Frank sprinkled each casing with finely ground caramelized sugar, the recipe for which can be found at the end of this post, and then filled the casings with the Vanilla Ganache ensuring that it settled just below the level of the chocolate shell. Again he called upon one of his aides, who rushed the mould back to the fridge and we all agreed that this was better than a TV cooking show!
The INBP are renowned for their entry into national concours, or competitions, and an essential element of the concours is the “pièce montée” or “presentation showpiece”, and Frank took the art of chocolaterie to an all new level. For sometime a pink pot had been sitting on the workbench, and as he began talking the realisation slowly dawned on us that this was no orginary pink plastic pot, but made entirely out of chocolate. None of us were rude enough to take a bite out of it to verify that he was telling the truth!
Moments later he presented a brown wooden stem which he fixed in the pot with a generous quantity of molten chocolate. Having got to know Frank a little, we divined that this could well also be made of chocolate, and he confirmed that he had made it by lining a plumbing tube from his DIY store with cooking paper and pouring in yet more molten chocolate.
The little brown rings that surrounded the pot were also chocolate textured by brushing with a wire brush!
Next Frank retrieved a green fuzzy ball from a box on his work-bench, and by this point we were all shreaking out in great amusement that the ball had to be chocolate; and it was, a hollow ball rolled in cocoa-butter and afterwards with green sugar for texture. There was a call for some help, and one of the guests helped place the ball onto the chocolate stem, rapidly cooling the chocolate “glue” with a dry-ice canister.
If we weren’t astonished enough, Frank decided it needed decoaration, and made a water-lily flower out of chocolate pieces, wonderfully appropriate for the land of Monet…. ….and some smaller flowers from sugar dough which he got a volunteer to help place onto the ball.
Having poured another layer of molten chocolate to seal the ganache into the refrigerated “bonbons” and chilling them again in the fridge, Frank was ready to assemble his “pièce montée”.When it was done he laid out all the Vanilla Ganache chocolates on the chocolate stands below.

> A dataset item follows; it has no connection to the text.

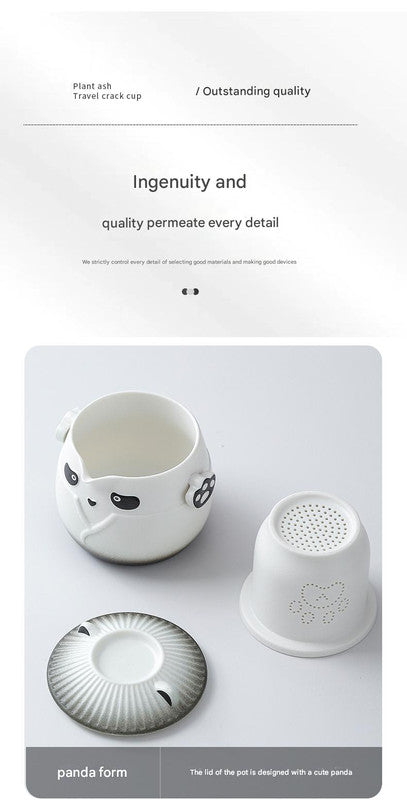 Adorable Panda Design Ceramic Tea Infuser Mug Set - 310ml Travel Crackle Glaze Cup with Lid & Strainer(orange)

Needless to say, nobody stayed in their seats very long, and it was very lucky that Frank had made a huge quantity of Vanilla Ganaches earlier, (he said he’d been up half the night) because a pretty large number of the audience were heard counting up how many they could have and were planning their raid strategy before Frank had even laid out the first lot! I, for one, was pretty glad to be the translator, because I was much closer to the table than the rest of the crowd which definitely gave me the advantage!